▸ **What the task asks**
Give back an exact copy of the lines in the records below, from the line that has "Menu nâng cấp vũ khí EvoChrome" through the line that has "Le président Moon", and nothing besides.
#### Data in this exercise
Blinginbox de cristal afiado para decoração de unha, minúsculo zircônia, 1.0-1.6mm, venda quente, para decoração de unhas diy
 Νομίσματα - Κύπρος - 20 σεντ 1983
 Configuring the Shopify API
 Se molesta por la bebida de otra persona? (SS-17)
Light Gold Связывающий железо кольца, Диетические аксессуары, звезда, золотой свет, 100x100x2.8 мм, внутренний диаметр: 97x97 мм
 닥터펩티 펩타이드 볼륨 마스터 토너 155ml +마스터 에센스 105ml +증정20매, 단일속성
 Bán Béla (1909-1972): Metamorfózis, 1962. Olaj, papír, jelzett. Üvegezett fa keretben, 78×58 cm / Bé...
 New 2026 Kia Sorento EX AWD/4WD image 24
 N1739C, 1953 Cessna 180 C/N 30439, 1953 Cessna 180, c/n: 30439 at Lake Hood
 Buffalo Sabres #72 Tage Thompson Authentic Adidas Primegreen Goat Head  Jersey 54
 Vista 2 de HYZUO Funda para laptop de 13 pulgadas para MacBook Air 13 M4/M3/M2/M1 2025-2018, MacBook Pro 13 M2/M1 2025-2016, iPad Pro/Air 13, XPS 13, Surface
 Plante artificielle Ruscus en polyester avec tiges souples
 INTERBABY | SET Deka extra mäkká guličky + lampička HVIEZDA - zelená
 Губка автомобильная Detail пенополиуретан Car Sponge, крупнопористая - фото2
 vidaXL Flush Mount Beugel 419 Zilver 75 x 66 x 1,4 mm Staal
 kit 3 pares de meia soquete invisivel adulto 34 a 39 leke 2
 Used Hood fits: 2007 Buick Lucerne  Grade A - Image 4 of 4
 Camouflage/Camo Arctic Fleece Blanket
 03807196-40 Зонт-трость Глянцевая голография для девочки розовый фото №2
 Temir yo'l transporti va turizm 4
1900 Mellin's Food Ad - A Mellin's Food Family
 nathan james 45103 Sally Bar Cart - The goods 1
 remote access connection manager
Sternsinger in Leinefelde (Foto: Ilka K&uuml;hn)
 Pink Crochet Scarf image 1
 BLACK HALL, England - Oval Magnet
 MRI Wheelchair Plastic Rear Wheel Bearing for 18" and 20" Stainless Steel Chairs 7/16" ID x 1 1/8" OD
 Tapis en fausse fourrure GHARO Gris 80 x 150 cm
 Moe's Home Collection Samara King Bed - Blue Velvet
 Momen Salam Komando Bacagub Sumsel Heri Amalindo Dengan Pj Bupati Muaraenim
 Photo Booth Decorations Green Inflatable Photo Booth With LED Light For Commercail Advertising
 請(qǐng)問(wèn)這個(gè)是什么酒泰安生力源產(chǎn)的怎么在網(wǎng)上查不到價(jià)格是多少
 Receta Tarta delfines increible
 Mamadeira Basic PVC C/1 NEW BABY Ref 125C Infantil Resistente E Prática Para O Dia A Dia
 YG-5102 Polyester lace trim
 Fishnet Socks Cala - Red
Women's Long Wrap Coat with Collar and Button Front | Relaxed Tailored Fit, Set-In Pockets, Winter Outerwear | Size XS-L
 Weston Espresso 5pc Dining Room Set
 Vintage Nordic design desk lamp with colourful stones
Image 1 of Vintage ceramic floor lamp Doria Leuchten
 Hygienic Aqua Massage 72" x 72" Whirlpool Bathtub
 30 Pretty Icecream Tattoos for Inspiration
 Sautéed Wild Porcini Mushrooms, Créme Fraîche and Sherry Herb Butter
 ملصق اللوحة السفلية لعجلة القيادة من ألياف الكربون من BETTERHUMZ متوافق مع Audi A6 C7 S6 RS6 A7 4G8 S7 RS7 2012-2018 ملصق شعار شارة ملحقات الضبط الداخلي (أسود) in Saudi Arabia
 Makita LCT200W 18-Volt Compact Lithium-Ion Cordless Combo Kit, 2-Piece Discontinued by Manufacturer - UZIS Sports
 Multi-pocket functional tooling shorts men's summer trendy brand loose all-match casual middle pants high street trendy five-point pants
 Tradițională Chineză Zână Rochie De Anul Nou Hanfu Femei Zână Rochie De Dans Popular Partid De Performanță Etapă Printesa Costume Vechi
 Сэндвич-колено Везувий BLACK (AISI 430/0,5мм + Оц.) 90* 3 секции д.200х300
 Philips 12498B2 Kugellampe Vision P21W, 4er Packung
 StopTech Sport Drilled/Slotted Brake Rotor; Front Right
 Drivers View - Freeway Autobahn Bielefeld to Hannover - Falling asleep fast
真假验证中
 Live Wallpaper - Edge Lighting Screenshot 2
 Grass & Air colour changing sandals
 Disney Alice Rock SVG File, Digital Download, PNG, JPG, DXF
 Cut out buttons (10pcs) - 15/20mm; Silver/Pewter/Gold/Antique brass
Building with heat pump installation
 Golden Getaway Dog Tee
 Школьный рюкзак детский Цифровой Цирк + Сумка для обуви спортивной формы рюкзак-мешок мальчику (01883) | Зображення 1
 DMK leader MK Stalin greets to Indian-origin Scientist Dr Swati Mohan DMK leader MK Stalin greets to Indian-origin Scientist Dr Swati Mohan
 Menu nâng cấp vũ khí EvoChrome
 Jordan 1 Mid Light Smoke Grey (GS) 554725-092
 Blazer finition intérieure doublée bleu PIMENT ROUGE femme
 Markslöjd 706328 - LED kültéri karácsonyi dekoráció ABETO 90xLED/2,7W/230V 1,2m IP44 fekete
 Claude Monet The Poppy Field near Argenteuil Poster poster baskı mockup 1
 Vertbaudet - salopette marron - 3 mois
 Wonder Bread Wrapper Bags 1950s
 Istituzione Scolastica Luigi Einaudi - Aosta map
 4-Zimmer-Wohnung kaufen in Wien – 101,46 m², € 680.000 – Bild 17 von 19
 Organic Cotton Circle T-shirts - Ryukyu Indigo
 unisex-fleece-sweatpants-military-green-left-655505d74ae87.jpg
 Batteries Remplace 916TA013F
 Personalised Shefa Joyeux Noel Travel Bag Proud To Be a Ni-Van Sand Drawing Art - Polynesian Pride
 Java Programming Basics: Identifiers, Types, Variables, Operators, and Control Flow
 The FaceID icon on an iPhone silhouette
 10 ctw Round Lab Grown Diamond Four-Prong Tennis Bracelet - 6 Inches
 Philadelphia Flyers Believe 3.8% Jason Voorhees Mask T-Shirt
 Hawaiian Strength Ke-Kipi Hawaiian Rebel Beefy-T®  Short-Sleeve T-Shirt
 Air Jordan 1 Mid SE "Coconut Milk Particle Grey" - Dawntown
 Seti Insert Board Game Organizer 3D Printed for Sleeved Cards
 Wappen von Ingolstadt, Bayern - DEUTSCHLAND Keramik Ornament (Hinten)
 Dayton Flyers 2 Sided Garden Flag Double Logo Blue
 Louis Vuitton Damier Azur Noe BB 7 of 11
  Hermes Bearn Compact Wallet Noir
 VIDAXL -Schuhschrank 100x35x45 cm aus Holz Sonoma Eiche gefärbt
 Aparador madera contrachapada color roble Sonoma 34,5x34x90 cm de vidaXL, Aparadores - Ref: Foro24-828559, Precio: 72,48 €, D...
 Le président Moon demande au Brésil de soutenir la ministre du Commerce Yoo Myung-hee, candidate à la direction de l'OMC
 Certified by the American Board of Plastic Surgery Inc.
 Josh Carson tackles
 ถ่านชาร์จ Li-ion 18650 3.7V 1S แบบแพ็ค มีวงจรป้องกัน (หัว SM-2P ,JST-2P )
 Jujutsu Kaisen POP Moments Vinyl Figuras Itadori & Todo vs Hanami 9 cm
########
▸ **Answer below**
 Menu nâng cấp vũ khí EvoChrome
 Jordan 1 Mid Light Smoke Grey (GS) 554725-092
 Blazer finition intérieure doublée bleu PIMENT ROUGE femme
 Markslöjd 706328 - LED kültéri karácsonyi dekoráció ABETO 90xLED/2,7W/230V 1,2m IP44 fekete
 Claude Monet The Poppy Field near Argenteuil Poster poster baskı mockup 1
 Vertbaudet - salopette marron - 3 mois
 Wonder Bread Wrapper Bags 1950s
 Istituzione Scolastica Luigi Einaudi - Aosta map
 4-Zimmer-Wohnung kaufen in Wien – 101,46 m², € 680.000 – Bild 17 von 19
 Organic Cotton Circle T-shirts - Ryukyu Indigo
 unisex-fleece-sweatpants-military-green-left-655505d74ae87.jpg
 Batteries Remplace 916TA013F
 Personalised Shefa Joyeux Noel Travel Bag Proud To Be a Ni-Van Sand Drawing Art - Polynesian Pride
 Java Programming Basics: Identifiers, Types, Variables, Operators, and Control Flow
 The FaceID icon on an iPhone silhouette
 10 ctw Round Lab Grown Diamond Four-Prong Tennis Bracelet - 6 Inches
 Philadelphia Flyers Believe 3.8% Jason Voorhees Mask T-Shirt
 Hawaiian Strength Ke-Kipi Hawaiian Rebel Beefy-T®  Short-Sleeve T-Shirt
 Air Jordan 1 Mid SE "Coconut Milk Particle Grey" - Dawntown
 Seti Insert Board Game Organizer 3D Printed for Sleeved Cards
 Wappen von Ingolstadt, Bayern - DEUTSCHLAND Keramik Ornament (Hinten)
 Dayton Flyers 2 Sided Garden Flag Double Logo Blue
 Louis Vuitton Damier Azur Noe BB 7 of 11
  Hermes Bearn Compact Wallet Noir
 VIDAXL -Schuhschrank 100x35x45 cm aus Holz Sonoma Eiche gefärbt
 Aparador madera contrachapada color roble Sonoma 34,5x34x90 cm de vidaXL, Aparadores - Ref: Foro24-828559, Precio: 72,48 €, D...
 Le président Moon demande au Brésil de soutenir la ministre du Commerce Yoo Myung-hee, candidate à la direction de l'OMC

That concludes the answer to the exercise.